The president's team acknowledged struggling with how to present its message to the public, but some senators left the meeting more concerned that there were no immediate fixes forthcoming more than a month after healthcare.gov went live.
With reelection battles looming, fellow Democrats have been left to explain the website failures while hoping that the benefits of the Affordable Care Act are just around the corner.
The frustration was on full display Wednesday as 15 Senate Democrats up for reelection and the senator in charge of their coordinated campaigns urged Obama to get the troubled launch behind him and his party.
"It's absolutely unacceptable in this day and age that the administration can't deliver on the promises it made to all Americans because of technical problems with a website," said Sen. Mark Begich (D-Alaska). "Alaskans should be appreciating the critical benefits of the Affordable Care Act, but there is an understandable crisis in confidence because the administration has yet to get it off the ground."
One Senate aide, who asked for anonymity to discuss the private conversation, said it was clear the White House knows it has a "messaging problem," but not that it has "any immediate fixes to it, which was disconcerting."
Obama advisors are fighting a crisis of faith among Democrats as they try to muscle the marketplaces through the rough patch and into widespread use. Already, 11 Senate Democrats have signaled their support for extending the enrollment deadline, a delay that administration officials fear could lead to an unraveling of the larger policy.
White House Chief of Staff Denis McDonough has personally led efforts to reassure balky Democrats, traveling to Capitol Hill and routinely talking with those up for reelection in 2014.
But nervousness remains.
"I am very frustrated with the rollout of the exchanges. The dysfunction and delays are unacceptable," Sen. Jeff Merkley (D-Ore.) said after the meeting. "I remain deeply convinced that this is a 'show me' moment. This will not be resolved until Americans can, day after day, sign onto the health marketplace, review their options and complete their applications."
Another Senate Democratic aide, who also was not authorized to comment publicly about the private conversation, described the meeting as "civil."
"The White House understands the situation folks going into reelection are in," the aide said. "It's still a concern."
The chaos surrounding the rocky startup has given ammunition to critics and forced Obama to answer tough questions about his plan, instead of touring the country drawing crowds for healthcare recruiters. Among the questions is whether he described the program accurately over the last three years when he said people could keep their old plans if they desired. But plans that don't meet the new Obamacare standards are grandfathered in only if they were purchased before the law was signed in 2010.
House Republicans stoked concerns about the grandfather clause Wednesday by announcing the House would vote next week on the "Keep Your Health Plan Act," which would allow insurance plans being offered today to continue into next year.
The bill's author, Energy and Commerce Committee Chairman Fred Upton (R-Mich.), calls it a "voluntary escape hatch" for people who want to keep their old coverage.
After the White House meeting, Obama traveled to Dallas for a Democratic Senatorial Campaign Committee fundraiser and to promote healthcare enrollment. Texas is one of 36 states dependent on the federal website because it has declined to create its own exchange.
Speaking to a crowd at Temple Emanu-El in Dallas, Obama thanked a group of volunteers for promoting Obamacare even though state Republican leaders aren't doing much to help implement the law.
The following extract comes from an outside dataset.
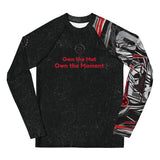 Roll Gear Evolve or Repeat Youth Boys Rash Guard - Black & Red, front view.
Texas GOP Gov. Rick Perry has refused federal money to expand Medicaid to cover more low-income families. And the state is considering new requirements for recruiters hired under federal grants to help people sign up for Obamacare. A quarter of the state's population is uninsured, the biggest share in the country. That amounts to about 6 million Texans.
"This task is especially challenging in the great Lone Star State," Obama told the crowd. "There's no state that actually needs this more than Texas."
In a statement, Perry accused the president of coming to Texas "in a desperate attempt to salvage his ill-conceived and unpopular program from a Titanic fate by preaching expansion of the same Medicaid system he himself admits is broken."
Earlier in the day, Health and Human Services Secretary Kathleen Sebelius testified before the Senate Finance Committee, where even Democratic champions of the healthcare law were upset by the administration's past failure to keep them informed of potential problems.
"You've got to tell us what's going on candidly, fully," said Sen. Max Baucus (D-Mont.), chairman of the committee and a chief architect of the law. "The more you don't tell us, the greater the problem is going to be."